キャッシングローンの利用者がその借入金の返済を滞納させた場合、ローン事業者は最終的に法的措置を取ることになります。

ここではその法的措置としての裁判所を通じた督促から強制執行までの流れを説明していきましょう。

事業者が裁判所への申し立てると法的措置が開始される!

ローン事業者が債務者に返済を促しても入金や返済への相談に応じこない場合は通常法的措置に入ります。

事業者は貸付金の回収ができない事実について「支払督促申立書」を作成し裁判所に申し立てると法的な「支払督促」が始まります。

裁判所は事業者の申立内容を審査して不備がなければ、支払督促を発布して債務者のもとへ特別送達による郵便で送付します。

支払督促とは、申立人の申立内容を審査して問題がなければ裁判所が債務者へ金銭の支払を督促するための手続といえるでしょう。

簡単にいうとローン事業者が裁判所から督促状を出してもらう仕組みで、内容は「借金を払ってください」というものになるかもしれませんね。

この支払督促に対して不服がある場合、債務者はそれを受取ってから2週間以内に異議を申し立てることができます。

債務者が支払督促に応じないで裁判所に異議を申し立てると(督促異議申立書の提出)、通常の訴訟で決着を図ることになるでしょう。

もし債務者が支払督促に対して異議を申し立てない場合は支払督促に仮執行宣言をつける手続きに入ることになるのです。

放置できない!仮執行宣言付支払督促は強制執行前の最後通告

支払督促を受けた債務者が異議を申し立てない場合、裁判所は債権者の申し立てに基づき仮執行宣言付支払督促を発布することになります。
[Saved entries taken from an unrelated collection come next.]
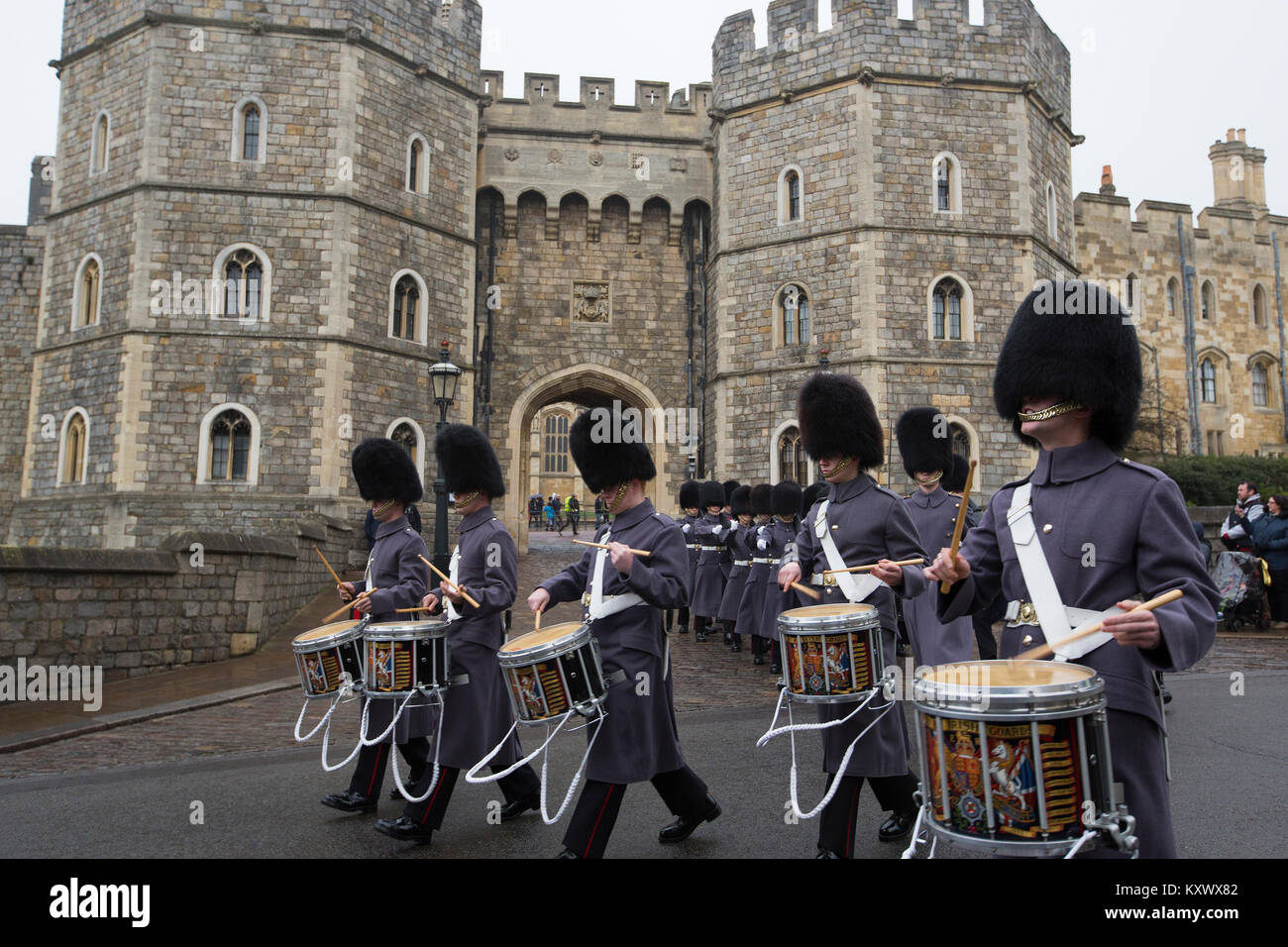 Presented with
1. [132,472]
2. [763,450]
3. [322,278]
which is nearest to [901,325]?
[763,450]

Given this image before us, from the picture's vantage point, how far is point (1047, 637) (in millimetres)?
2662

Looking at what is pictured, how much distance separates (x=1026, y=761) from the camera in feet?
7.78

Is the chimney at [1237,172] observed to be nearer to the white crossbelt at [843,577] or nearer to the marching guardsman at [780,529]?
the marching guardsman at [780,529]

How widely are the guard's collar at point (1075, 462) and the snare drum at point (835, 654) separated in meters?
1.14

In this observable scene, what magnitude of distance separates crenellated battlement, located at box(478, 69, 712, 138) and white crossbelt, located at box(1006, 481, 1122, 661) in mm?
22077

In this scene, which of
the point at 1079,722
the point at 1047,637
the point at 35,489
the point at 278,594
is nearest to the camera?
the point at 1079,722

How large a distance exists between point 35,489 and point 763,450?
48.3 feet

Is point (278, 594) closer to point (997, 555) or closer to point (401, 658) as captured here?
point (401, 658)

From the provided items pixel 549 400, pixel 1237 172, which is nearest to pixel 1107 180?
pixel 1237 172

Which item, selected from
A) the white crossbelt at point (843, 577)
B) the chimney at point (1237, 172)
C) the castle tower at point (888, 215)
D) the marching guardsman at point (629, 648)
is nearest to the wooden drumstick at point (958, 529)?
the white crossbelt at point (843, 577)

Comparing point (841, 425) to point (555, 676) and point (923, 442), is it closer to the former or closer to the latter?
point (555, 676)

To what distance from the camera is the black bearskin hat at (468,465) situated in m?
5.44

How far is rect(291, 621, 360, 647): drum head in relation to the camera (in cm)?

これは最終的な決着手段である強制執行に移る前の手続であり、債権者と債務者の両方に送付されます。

つまり、
「この支払督促を無視したり支払わなかったりすると強制執行しますよ」という宣言を表す督促状が債務者に送られる
わけですね。

債務者は仮執行宣言付支払督促の送達後2週間以内なら異議を申し立てることができ、その場合は執行の停止も求める必要があります。

したがって、督促異議を申し立てる場合は民事訴訟で決着を図ることになり、申し立てない場合は強制執行を受けることになるでしょう。

以上の裁判所の支払督促は通常書面にて行われるものであり、裁判所から債務者へ直接訪問したり電話したりすることはありません。

そのため事業者から悪徳業者のように乱暴な言葉を浴びせられたり嫌がらせをされたりするようことはないです。

ただし、債務者としては裁判所からの督促なので大きなプレッシャーがかかるかもしれませんね。

給料はどのようにして差し押さえられる?強制執行の流れと内容

債務者が裁判所からの支払督促に異議を申し立てない場合、裁判所はローン事業者に債権を回収させるための手続に入ることになります。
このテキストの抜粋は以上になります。